• [Your goal]
From the first line to the last, repeat the records exactly and skip the pictures.

• [The data]

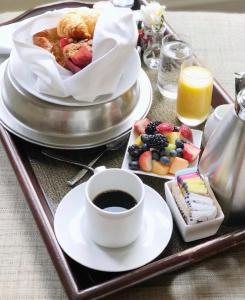 圣安东尼奥莫卡拉Spa酒店的盘子,盘子上放着咖啡和一盘食物
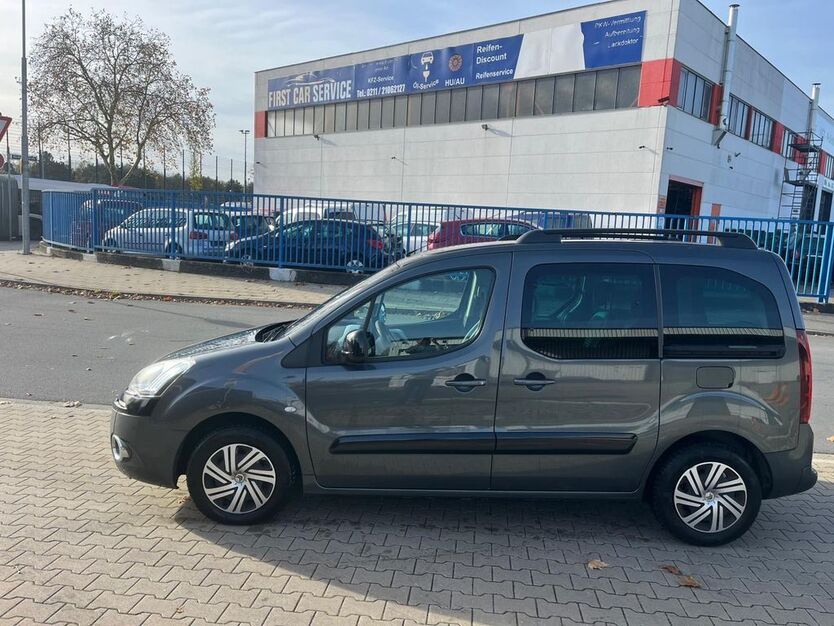 Citroen Berlingo 203.522 km 4.999 € Düsseldorf 40599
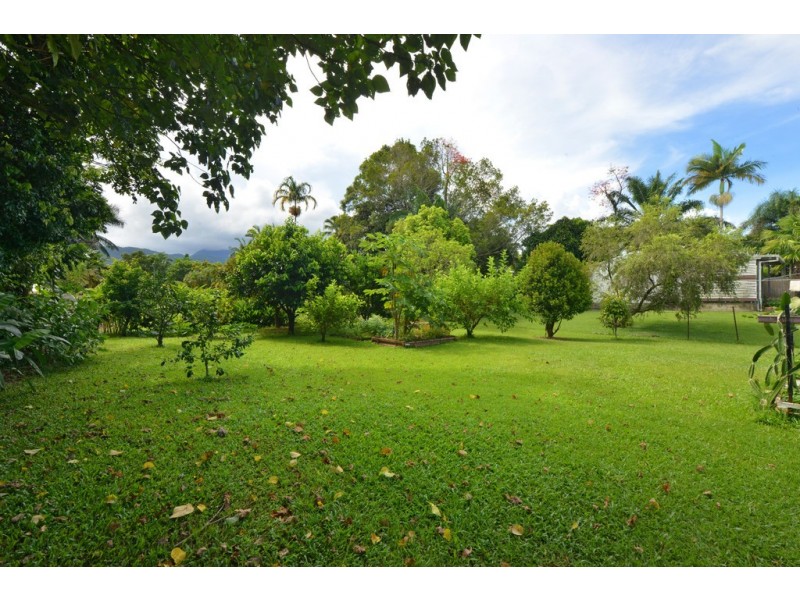 7 Owen Street, Mossman QLD 4873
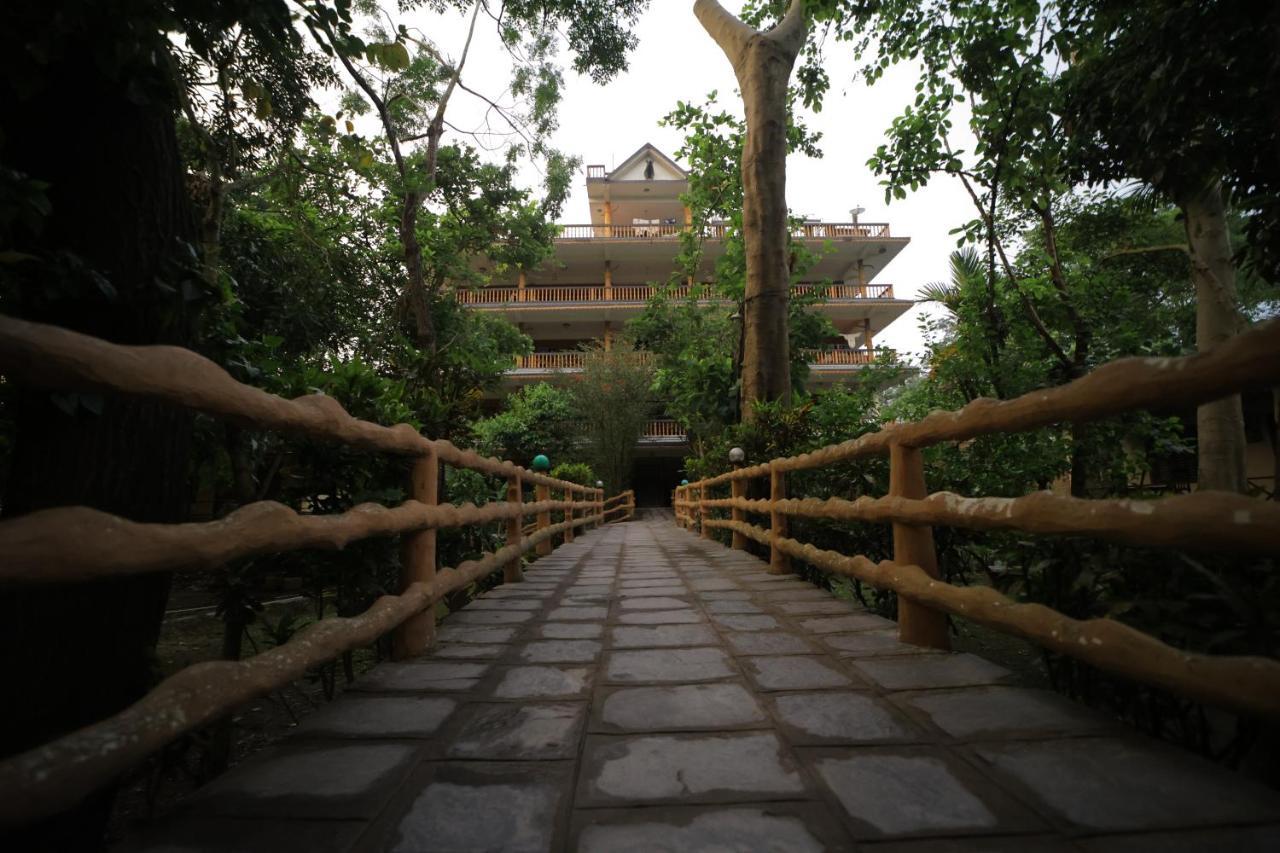 Chitwan Gaida Lodge - Animal Lovers & Birdwatchers Paradise Sauraha Bagian luar foto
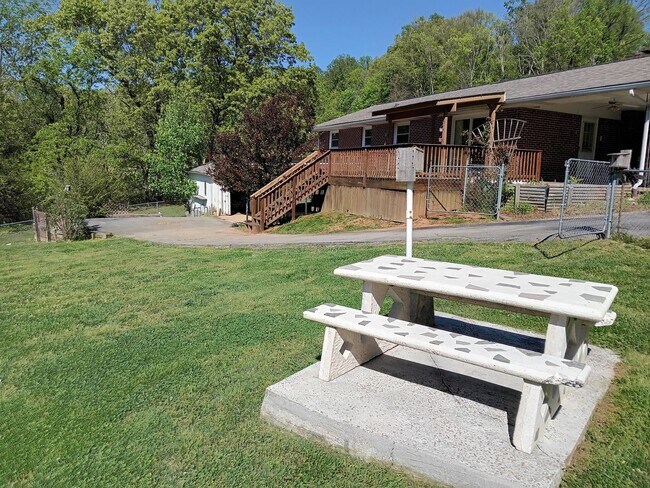 Building Photo - 3 or 4 Bedroom / 2 Bath Home   Kingsport TN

• [Reply]
 圣安东尼奥莫卡拉Spa酒店的盘子,盘子上放着咖啡和一盘食物
 Citroen Berlingo 203.522 km 4.999 € Düsseldorf 40599
 7 Owen Street, Mossman QLD 4873
 Chitwan Gaida Lodge - Animal Lovers & Birdwatchers Paradise Sauraha Bagian luar foto
 Building Photo - 3 or 4 Bedroom / 2 Bath Home   Kingsport TN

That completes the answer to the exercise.